The establishment press is telling ordinary Americans they need permission slips to read the books that built Western civilization — and Elon Musk is the man they don't want holding the pen.

Christopher Nolan's upcoming film adaptation of The Odyssey has put Homer's 2,700-year-old text back in the cultural conversation, and the media's instinct is already on display: direct the public toward approved interpreters and away from unauthorized ones. The St. Paul Pioneer Press made the agenda explicit in its headline: "Read 'The Odyssey' with Mary Beard, not with Elon Musk." The message is unmistakable — classical texts belong to the academy, not to you.
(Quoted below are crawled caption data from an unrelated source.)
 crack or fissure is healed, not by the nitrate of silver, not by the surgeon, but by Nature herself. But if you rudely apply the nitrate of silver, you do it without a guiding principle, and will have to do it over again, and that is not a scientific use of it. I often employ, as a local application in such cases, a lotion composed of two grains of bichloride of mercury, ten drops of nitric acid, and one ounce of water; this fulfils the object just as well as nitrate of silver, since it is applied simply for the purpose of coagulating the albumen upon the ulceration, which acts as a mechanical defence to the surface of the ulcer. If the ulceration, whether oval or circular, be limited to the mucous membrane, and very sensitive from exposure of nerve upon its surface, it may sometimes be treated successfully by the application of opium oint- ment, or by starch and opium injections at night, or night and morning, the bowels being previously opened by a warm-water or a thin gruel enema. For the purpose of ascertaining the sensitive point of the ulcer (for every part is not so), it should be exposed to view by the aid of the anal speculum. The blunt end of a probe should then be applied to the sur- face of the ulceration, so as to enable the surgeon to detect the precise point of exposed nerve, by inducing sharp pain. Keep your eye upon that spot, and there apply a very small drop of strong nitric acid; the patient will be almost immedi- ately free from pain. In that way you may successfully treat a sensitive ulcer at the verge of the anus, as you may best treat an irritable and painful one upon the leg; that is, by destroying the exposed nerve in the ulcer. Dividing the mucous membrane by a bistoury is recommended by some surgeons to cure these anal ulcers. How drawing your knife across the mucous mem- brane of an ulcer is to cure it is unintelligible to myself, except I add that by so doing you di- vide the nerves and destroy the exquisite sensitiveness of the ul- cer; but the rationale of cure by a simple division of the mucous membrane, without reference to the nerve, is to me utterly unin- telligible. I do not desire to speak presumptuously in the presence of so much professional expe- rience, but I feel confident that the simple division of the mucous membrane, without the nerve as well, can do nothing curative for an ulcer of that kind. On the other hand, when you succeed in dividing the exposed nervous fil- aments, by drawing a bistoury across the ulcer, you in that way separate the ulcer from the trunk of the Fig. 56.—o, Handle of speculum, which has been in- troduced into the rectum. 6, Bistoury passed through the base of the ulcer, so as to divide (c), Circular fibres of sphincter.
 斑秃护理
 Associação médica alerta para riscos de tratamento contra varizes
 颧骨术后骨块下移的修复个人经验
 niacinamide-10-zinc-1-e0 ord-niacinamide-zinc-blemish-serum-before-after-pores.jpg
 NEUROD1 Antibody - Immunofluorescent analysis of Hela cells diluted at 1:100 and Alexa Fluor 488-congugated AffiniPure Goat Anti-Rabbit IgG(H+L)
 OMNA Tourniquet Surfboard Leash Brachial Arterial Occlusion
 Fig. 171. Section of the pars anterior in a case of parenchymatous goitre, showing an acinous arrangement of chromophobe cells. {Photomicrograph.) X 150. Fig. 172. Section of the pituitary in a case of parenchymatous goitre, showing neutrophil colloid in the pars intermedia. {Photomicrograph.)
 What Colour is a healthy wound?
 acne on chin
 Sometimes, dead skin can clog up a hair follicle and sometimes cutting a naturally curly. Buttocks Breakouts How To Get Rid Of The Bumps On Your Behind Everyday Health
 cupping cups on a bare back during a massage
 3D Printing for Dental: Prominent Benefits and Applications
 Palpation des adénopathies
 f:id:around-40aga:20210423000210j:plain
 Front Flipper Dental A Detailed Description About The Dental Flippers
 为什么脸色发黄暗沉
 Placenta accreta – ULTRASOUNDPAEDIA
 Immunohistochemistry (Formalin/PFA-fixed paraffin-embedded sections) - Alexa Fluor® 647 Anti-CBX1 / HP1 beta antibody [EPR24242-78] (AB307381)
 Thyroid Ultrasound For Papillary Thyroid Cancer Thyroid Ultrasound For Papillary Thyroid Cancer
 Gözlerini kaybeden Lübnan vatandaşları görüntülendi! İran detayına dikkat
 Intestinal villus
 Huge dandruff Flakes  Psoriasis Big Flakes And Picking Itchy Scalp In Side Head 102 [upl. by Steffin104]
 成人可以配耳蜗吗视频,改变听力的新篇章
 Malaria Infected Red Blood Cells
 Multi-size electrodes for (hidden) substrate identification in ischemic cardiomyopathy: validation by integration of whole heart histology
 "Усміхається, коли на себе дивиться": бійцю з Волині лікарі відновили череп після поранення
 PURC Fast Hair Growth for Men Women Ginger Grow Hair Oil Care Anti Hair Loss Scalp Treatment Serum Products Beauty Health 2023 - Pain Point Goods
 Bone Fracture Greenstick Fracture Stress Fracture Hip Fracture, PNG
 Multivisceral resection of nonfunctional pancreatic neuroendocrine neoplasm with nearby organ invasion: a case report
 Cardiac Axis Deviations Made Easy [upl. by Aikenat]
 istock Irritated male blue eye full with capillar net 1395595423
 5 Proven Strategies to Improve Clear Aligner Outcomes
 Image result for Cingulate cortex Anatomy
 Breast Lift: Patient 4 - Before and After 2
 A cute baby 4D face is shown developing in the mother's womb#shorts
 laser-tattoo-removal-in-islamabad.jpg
The Nolan film itself, based on what Slate reported, appears to carry its own ideological freight. Slate describes Matt Damon's Odysseus as "a traumatized veteran of a bloody and ignoble war, burdened by a particular and personal form of guilt" who "may not want to go home at all." In Nolan's telling, retrieving Helen was "merely a pretext for a conflict over trade routes," and Helen's storied beauty "has been disfigured by scars." Homer's hero, exalted for his cunning, is recast as a guilt-ridden soldier questioning the justice of his own cause. Whether Nolan intends it or not, the framing mirrors a very modern impulse: to reinterpret foundational Western texts so they apologize for the civilization they built.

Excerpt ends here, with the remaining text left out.